═════ Listed records ═════
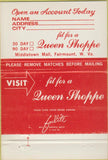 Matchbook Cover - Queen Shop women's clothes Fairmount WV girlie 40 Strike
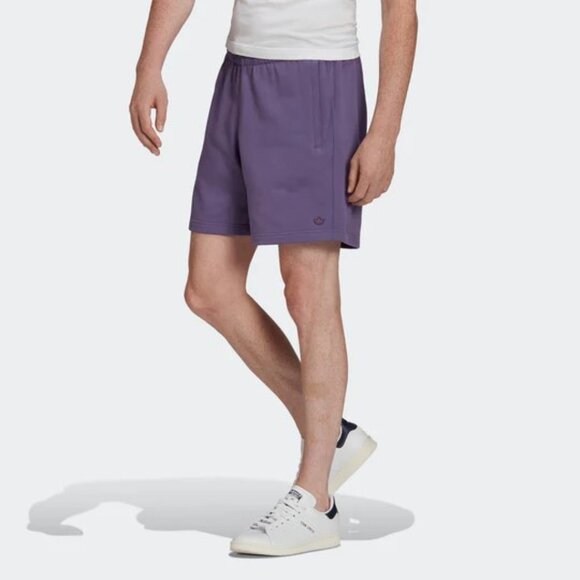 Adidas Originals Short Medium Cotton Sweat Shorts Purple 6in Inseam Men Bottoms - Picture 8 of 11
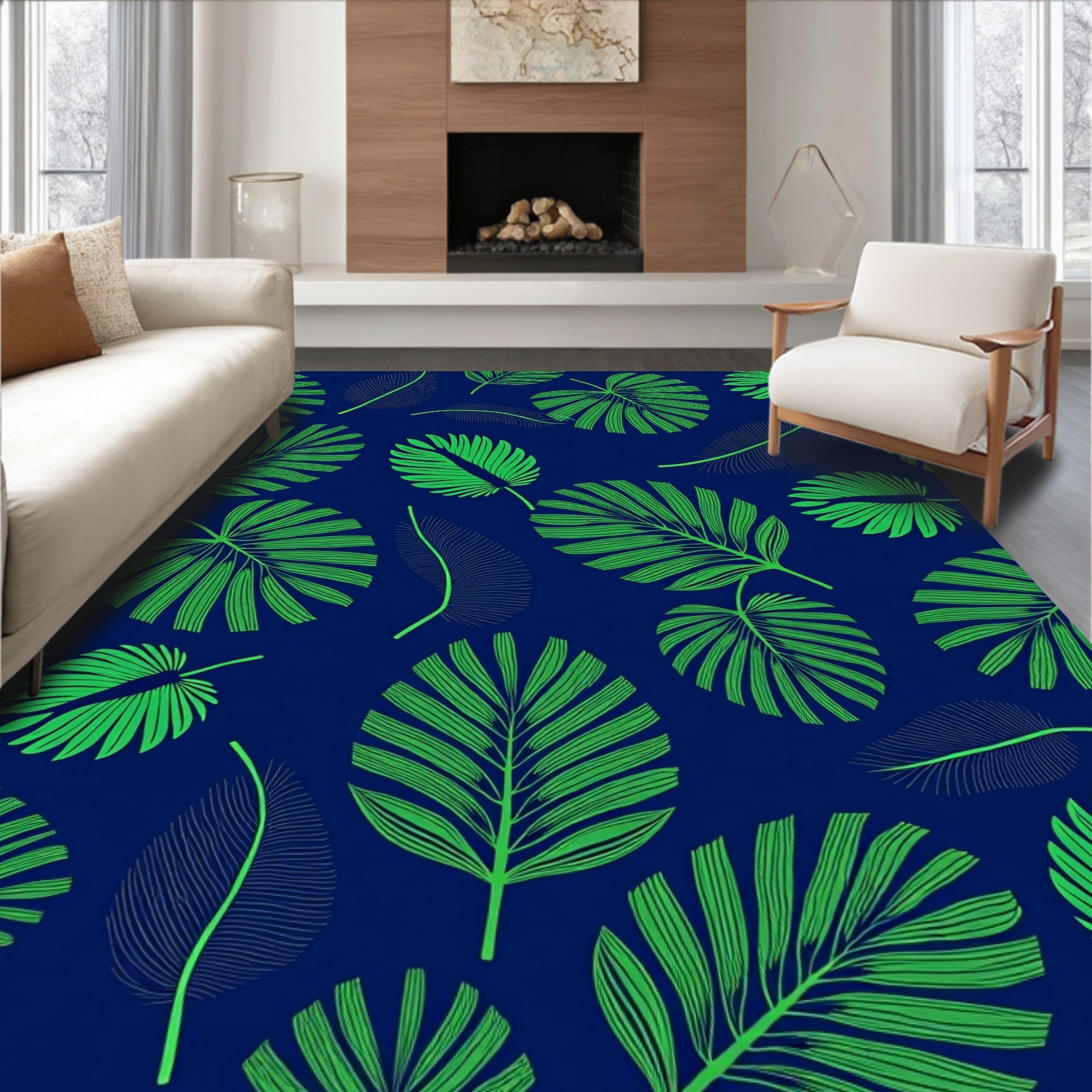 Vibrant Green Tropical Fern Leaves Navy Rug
═════
═════ Listed records ═════
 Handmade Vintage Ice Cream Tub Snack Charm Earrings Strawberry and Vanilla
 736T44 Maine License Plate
═════
- _What you should do_: Would you print exactly the lines in the listing above, from the line bearing "Matchbook Cover - Queen" through the line bearing "Vibrant Green Tropical Fern Leaves Navy Rug", leaving out all pictures?

- _Solution for this task_:
 Matchbook Cover - Queen Shop women's clothes Fairmount WV girlie 40 Strike
 Adidas Originals Short Medium Cotton Sweat Shorts Purple 6in Inseam Men Bottoms - Picture 8 of 11
 Vibrant Green Tropical Fern Leaves Navy Rug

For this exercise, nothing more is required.